LONDON (Reuters) – The leaders of Ireland’s three coalition parties will discuss the date of the next general election on Monday, Green Party leader Roderic O’Gorman said, proposing November 29 as his preferred date.
Prime Minister Harris must call the election by March but analysts have for weeks seen November as the most likely date, when voters will start to benefit from the 10.5 billion euro ($11.4 billion) budget giveaway resulting from Europe’s healthiest public finances.
“I’ll be meeting the coalition leaders on Monday. What I’ll be saying to them is that I think we need to give clarity.

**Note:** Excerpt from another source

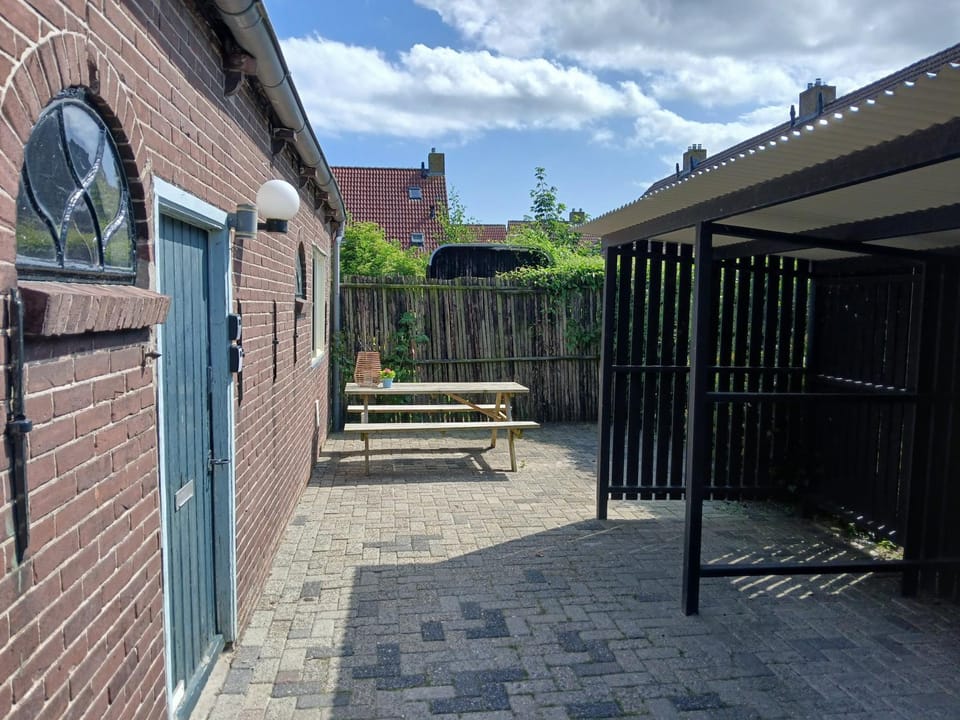 Facade/entrance, Garden, Balcony/Terrace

I’ll be saying my preference is for a November election, for November 29th,” O’Gorman was quoted as saying by local media on Friday.
Harris, whose Fine Gael party has moved ahead in opinion polls since he became its leader and premier in April, has said he wants to pass the laws giving effect to the budget measures and that an election would then be held “in due course.”
O’Gorman, whose party is the smallest of three governing groups, said he thought that date would allow the government to pass the final pieces of legislation and seek a dissolution of parliament in early November.
The most recent opinion poll put Fine Gael on 26% with its main coalition partners and fellow centre-right party Fianna Fail on 19%, level with the main opposition left wing Sinn Fein.